昨年末から、音楽家の訃報が重なっています。
先日も作曲家の別宮貞雄さんが亡くなったばかりですが、J・S・バッハ演奏の権威であったチェンバロ奏者で指揮者でもあったグスタフ・レオンハルトさんの訃報が齎されました。



このことを私はCeciliaさんのブログの記事で知ったのですが、大変ショックでした。
確かに83歳という年齢からすれば、そうした事態を覚悟する必要はあるのでしょうが、昨年の5月に来日し、元気にリサイタルを開いておられたのですから、やはり俄かには信じられない想いでした。

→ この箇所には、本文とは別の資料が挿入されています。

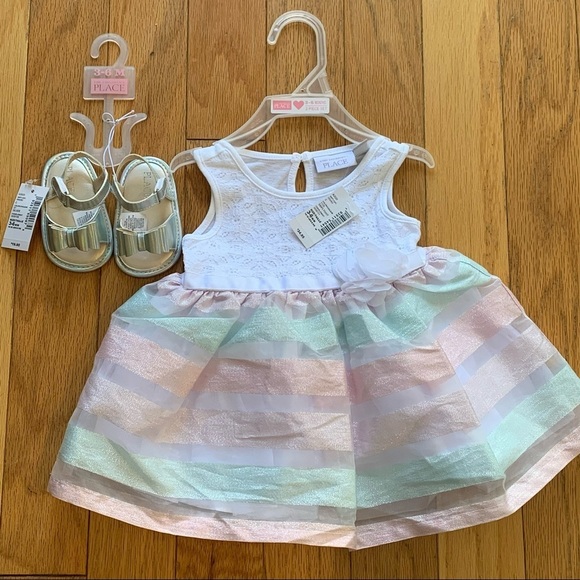 NWT • Childrens Place Lace Striped Dress + Sandals - Picture 2 of 9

レオンハルトさんの演奏は、どれも大変個性的で味わい深いものでしたが、私が一番印象に残っているのは、テルツ少年合唱団とラ・プティット・バンド及び男声合唱団を指揮して録音した、バッハのマタイ受難曲全曲演奏です。
ソプラノのアリアにテルツ少年合唱団のボーイソプラノを起用したことに関して、いろいろと評価が分かれているようですが、私自身はこうした表現ももちろん「有り」だと思っております。
確かに、「Blute nu, du liebes Herz!(血を流せ、愛しき御心)」などのアリアを子供に歌わせるのは無理があるようにも思われますが、イエスが自分の胸に抱いて心血を注いで育てた子供が蛇となってその育ての親を殺そうとする姿に、なお愛情を寄せている様は、むしろこうした透明な声で歌われることによってより悲しみが増してくるのかもしれないと考えたものでした。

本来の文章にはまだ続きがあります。